[Work instructions]:
Please set down only the lines from the one containing "Floral Smocked Crisscross Back Jumpsuit" through the end of the entries below, exactly, minus any pictures.

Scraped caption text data

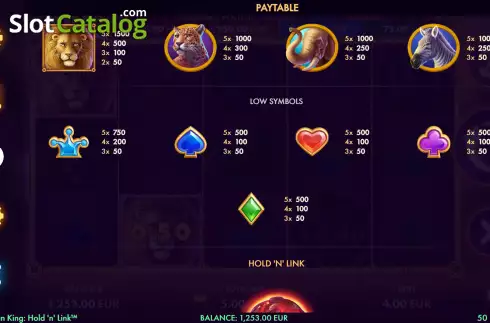 Paytable screen. African King Hold'n'Link slot
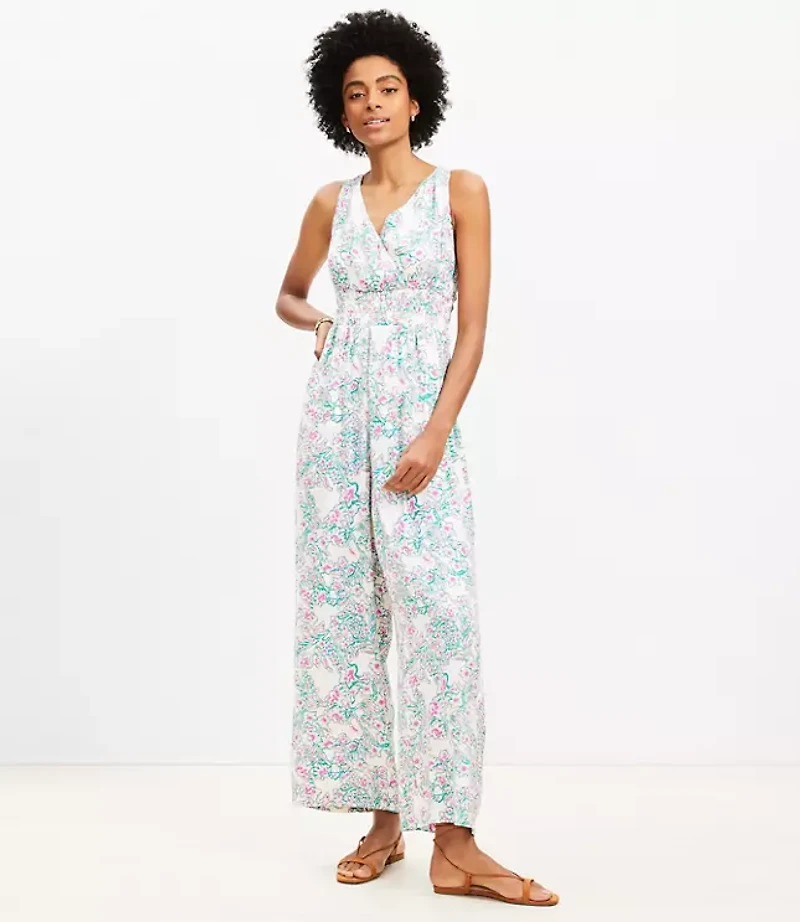 Floral Smocked Crisscross Back Jumpsuit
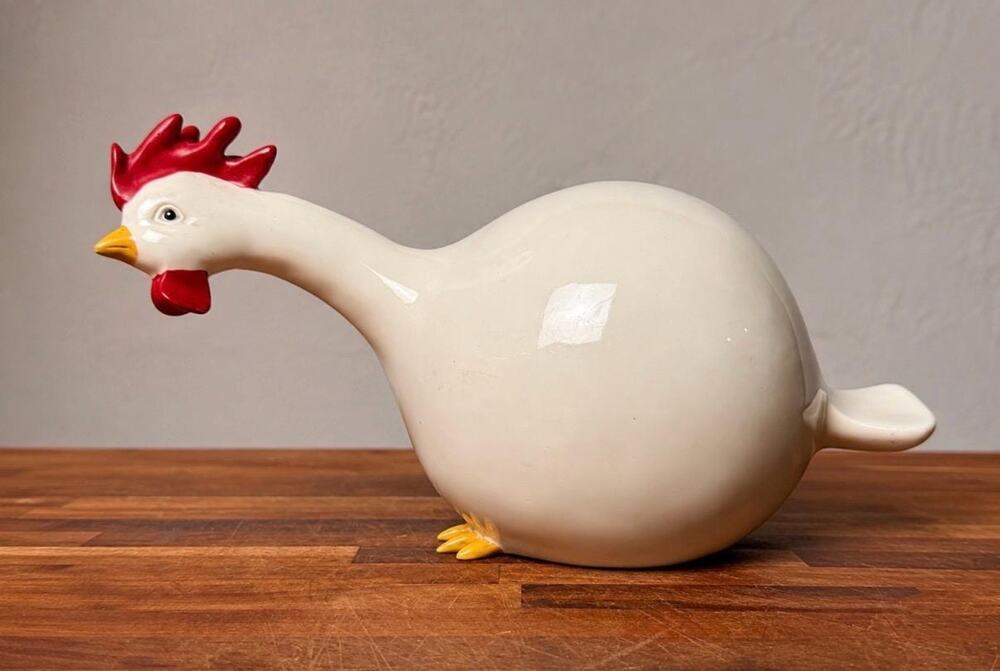 Vintage Resin Chicken Figurine Large White Hen Rooster Country Kitchen Decor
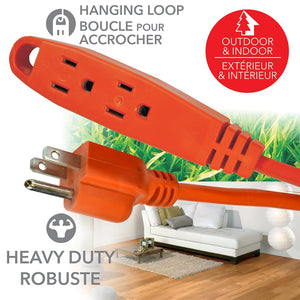 Elink - Rallonge Électrique Extérieur à 3 Prise, Longueur de 15 Pieds, Orange - Simple Boutique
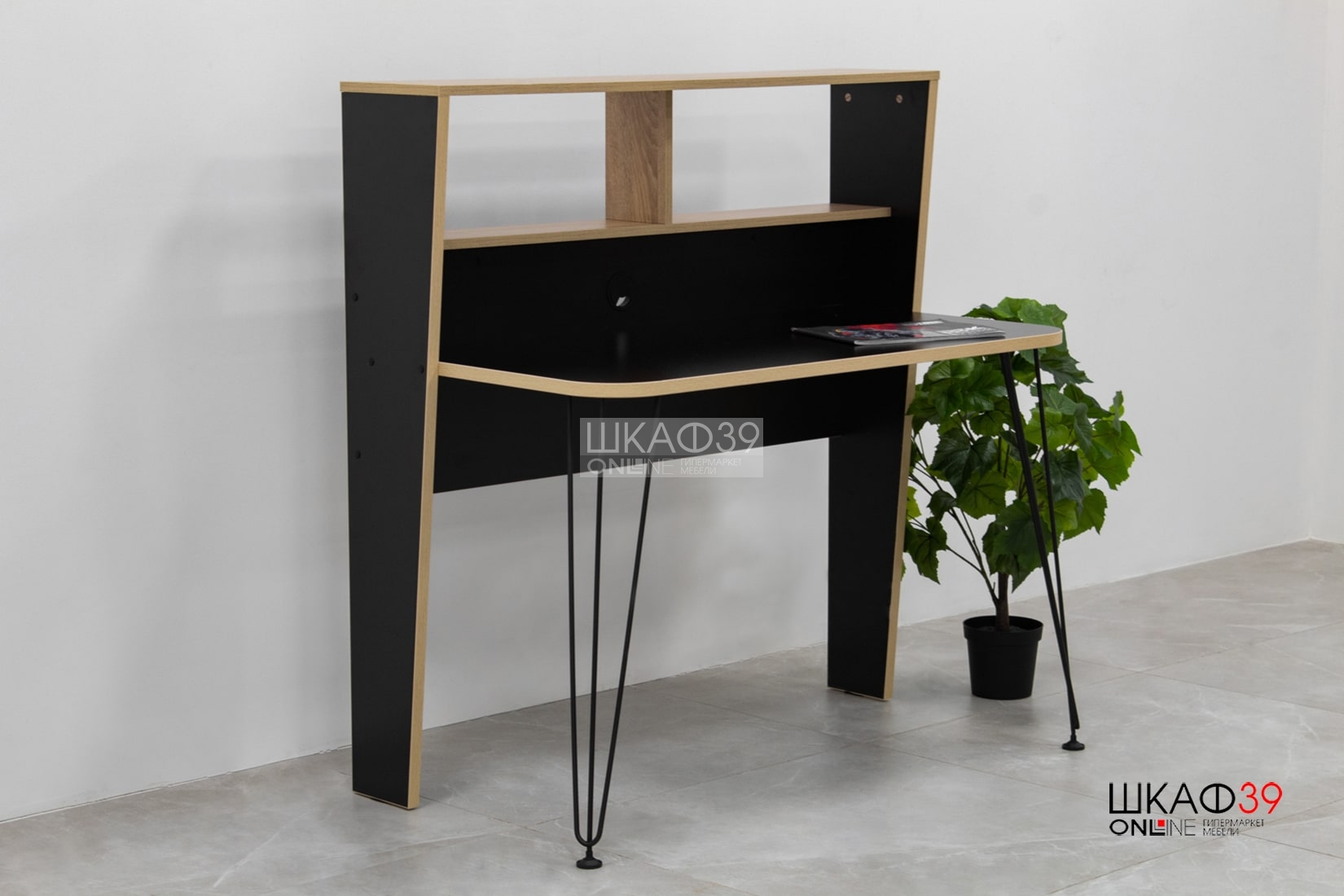 Базис-3 Стол компьютерный 12.67 Черный/Дуб сонома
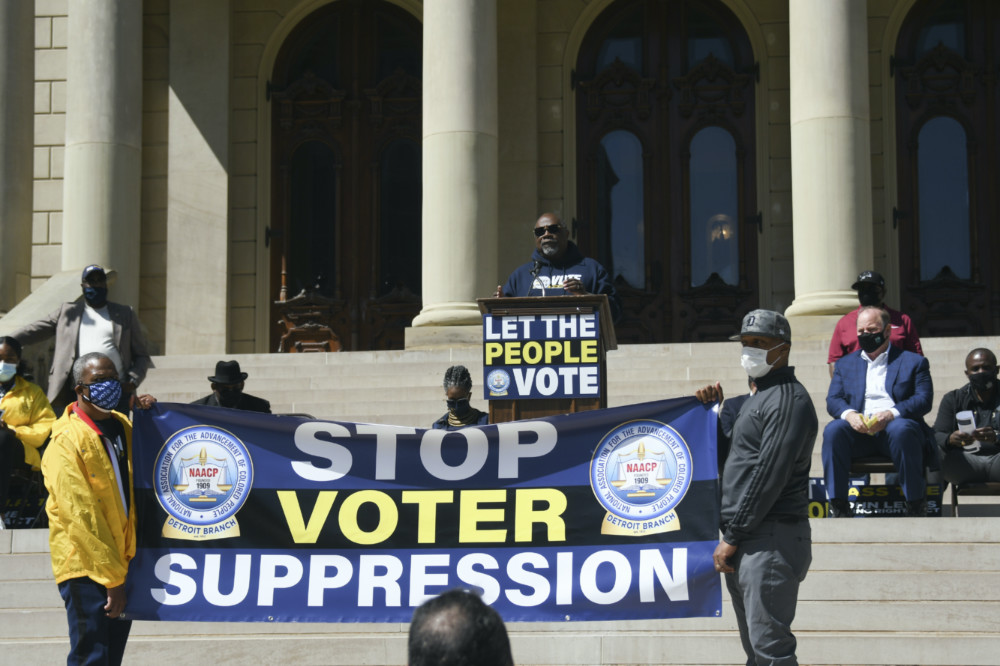 US Michigan voter supression protest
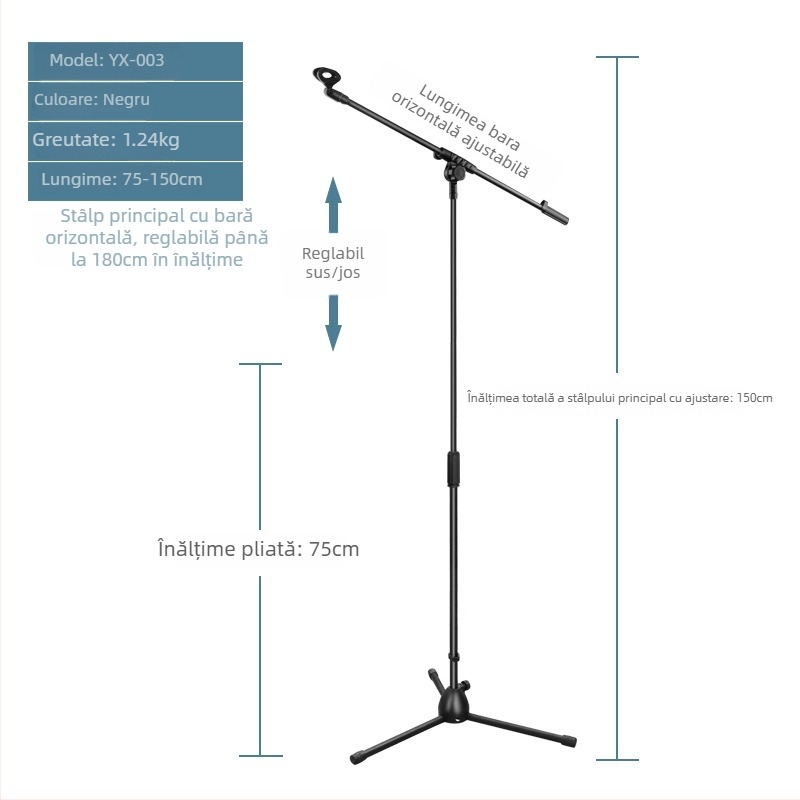 Suport microfon cu trepied podea, braț vertical transversal, model 103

[Output below]:
 Floral Smocked Crisscross Back Jumpsuit
 Vintage Resin Chicken Figurine Large White Hen Rooster Country Kitchen Decor
 Elink - Rallonge Électrique Extérieur à 3 Prise, Longueur de 15 Pieds, Orange - Simple Boutique
 Базис-3 Стол компьютерный 12.67 Черный/Дуб сонома
 US Michigan voter supression protest
 Suport microfon cu trepied podea, braț vertical transversal, model 103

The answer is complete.